Japan, South Korea stocks set for stellar gains in Nov, China lags

Investing.com-- Japan’s Nikkei 225 and South Korea’s KOSPI were the best performers in Asia in November as the prospect of a less hawkish Federal Reserve boosted risk assets across the region. 

But Chinese stocks lagged their regional peers for the month, hampered chiefly by concerns over slowing economic growth and laggard stimulus measures from Beijing. A string of weak economic readings from the country kept traders largely wary of local markets, as did concerns over a meltdown in the country’s property market. 

Other Asian bourses were set for strong gains in November, as less hawkish signals from the Federal Reserve, coupled with softer U.S. inflation and labor market data spurred bets that the central bank will not raise interest rates any further. Australia’s ASX 200 was trading 3.9% higher for the month, while India’s NSEI was set to add 5.3%. 

Nikkei near 33-year highs on dovish BOJ bets, strong earnings 

The Nikkei briefly hit 33-year highs in November, and was trading up 7.9% for the month. 

Foreign investors had piled steadily into Japanese stocks this year, with the trend picking up in November after the Bank of Japan struck a dovish tone in its policy meeting at the beginning of the month.

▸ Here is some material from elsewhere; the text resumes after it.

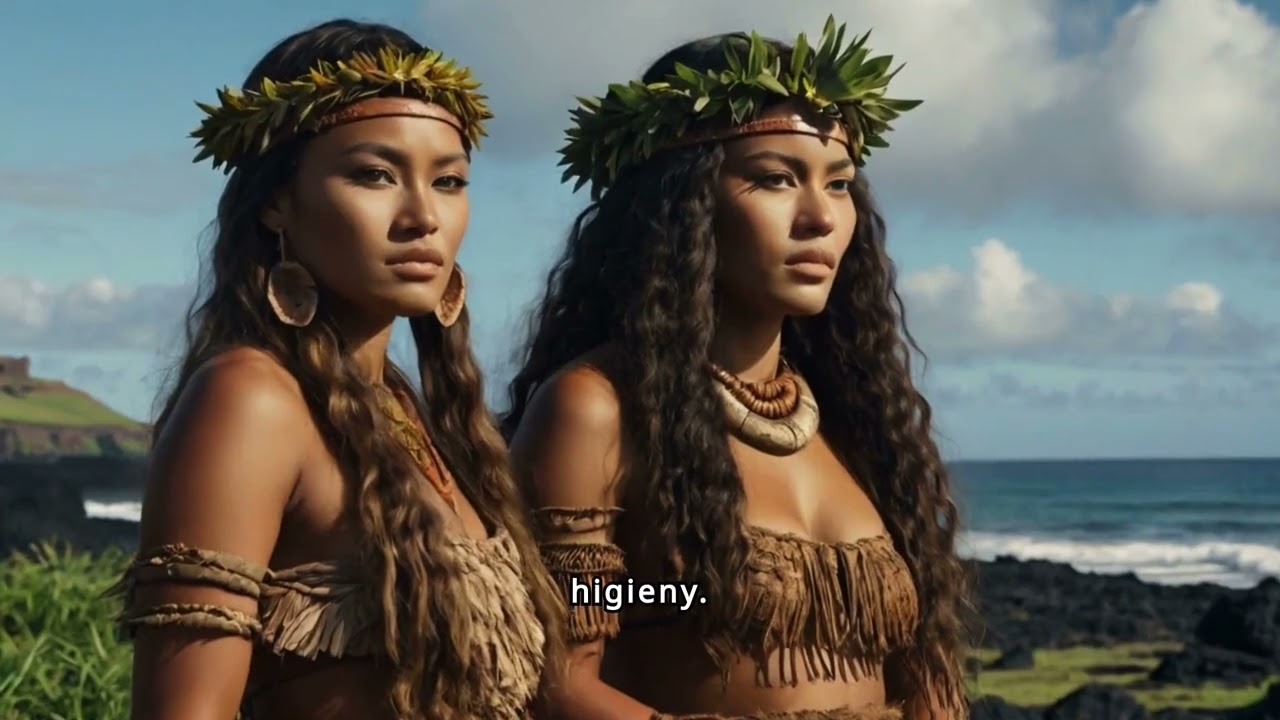 Jak wyglądało życie i higiena dawnych mieszkańc&oacute;w Wyspy Wielkanocnej, Rapa Nui? #higiena #rapanui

The BOJ made few changes to its ultra-dovish policy, and also signaled that it was in no hurry to begin tightening policy, especially as recent data also suggested that Japanese economic growth was under pressure. The country’s gross domestic product shrank much more than expected in the third quarter. 

A dovish BOJ has been a key point of support for Japanese stocks this year, given that it is among the few major central banks that still plans to maintain easy policy and asset buying measures.

Strong third-quarter earnings, particularly from index-heavy automobile and bank stocks also boosted sentiment towards Japanese markets. 

Chipmaker gains, short-selling ban boost KOSPI

South Korea’s KOSPI was set to add 10.3% in November, with support coming chiefly from a rebound in heavyweight chipmaking stocks as markets grew more optimistic over an artificial intelligence-fuelled spike in demand. 

But the KOSPI’s biggest gain during the month was spurred by a government ban on short-selling. The ban, announced earlier in November, had triggered a nearly 6% intraday spike in the KOSPI. 

Chinese stocks lag as economic concerns persist

China’s Shanghai Shenzhen CSI 300 index was set to lose about 2% in November, while the Shanghai Composite and Hang Seng indexes were set to end the month largely unchanged. 

Investors remained largely averse to Chinese markets as weak economic readings from the country continued to pile in, while Beijing also appeared to be dragging its feet on more stimulus measures.

The CSI 300 was also set for a fourth straight month of losses, and remained close to lows last seen in March 2019. 

Investors have been clamoring for more targeted, fiscal measures from Beijing to shore up economic growth. But beyond stimulus measures, Chinese businesses are also struggling with a severe decline in overseas demand.